MarkItDown Extractor

Extractor ID: markitdown

Category: Text/Document Extractors

Overview

The MarkItDown extractor uses Microsoft’s MarkItDown library to convert various document formats into Markdown-formatted text. It provides broad format coverage for Office documents, PDFs, images, and other file types.

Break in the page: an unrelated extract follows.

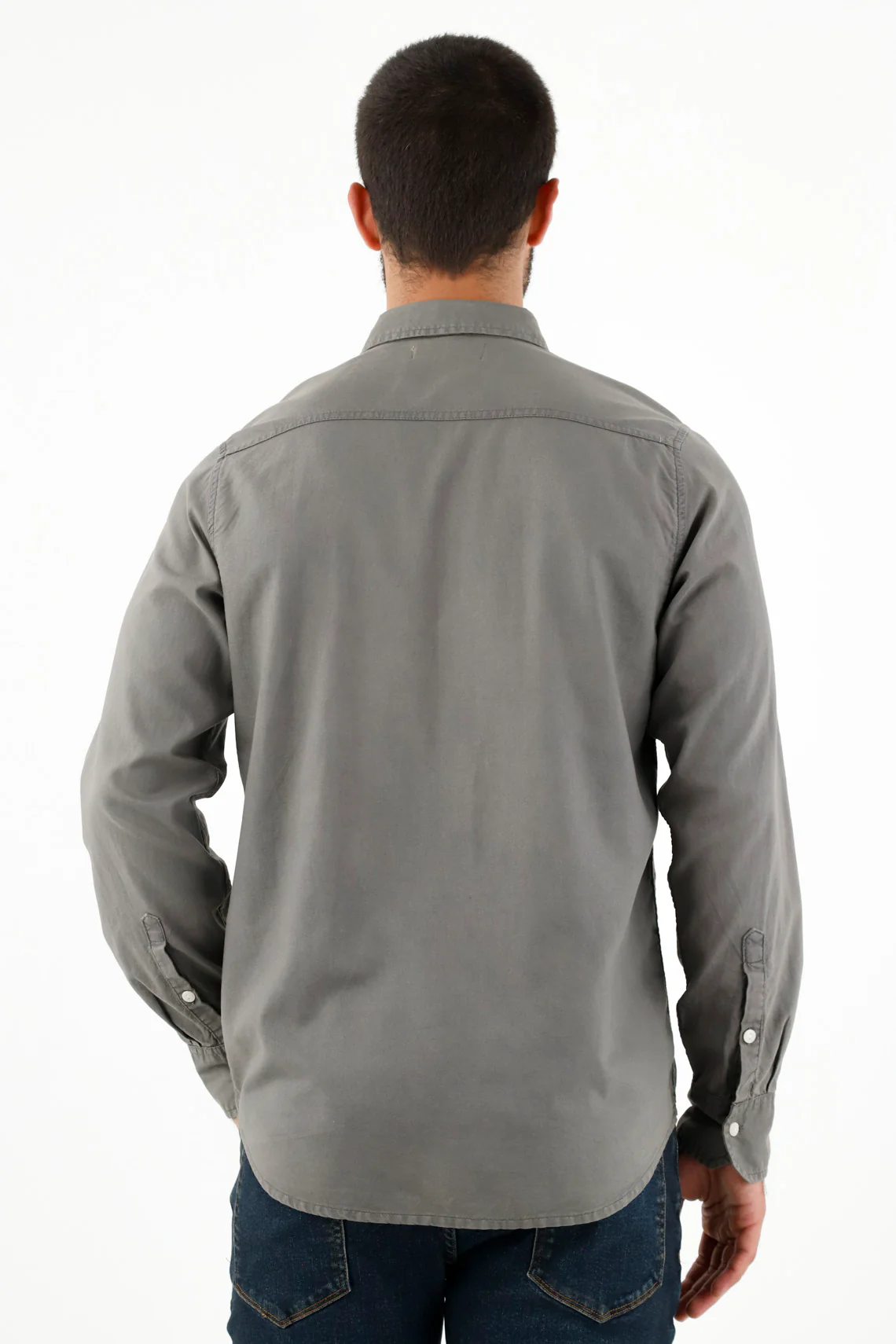 Men's Gray Long Sleeve Shirt - Image 4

MarkItDown is designed to produce clean, readable Markdown output from diverse sources. It automatically skips text items to preserve the role of the pass-through extractor for canonical text handling.

Installation

MarkItDown is an optional dependency that requires Python 3.10 or higher:

pip install "biblicus[markitdown]"

Python Version Requirement

  • Minimum: Python 3.10

  • Recommended: Python 3.11 or higher

If you’re using Python 3.9 or earlier, use alternative extractors like unstructured.

Supported Media Types

MarkItDown supports a wide range of formats:

Office Documents

  • application/vnd.openxmlformats-officedocument.wordprocessingml.document - DOCX

  • application/vnd.openxmlformats-officedocument.spreadsheetml.sheet - XLSX

  • application/vnd.openxmlformats-officedocument.presentationml.presentation - PPTX

  • application/msword - DOC (legacy)

  • application/vnd.ms-excel - XLS (legacy)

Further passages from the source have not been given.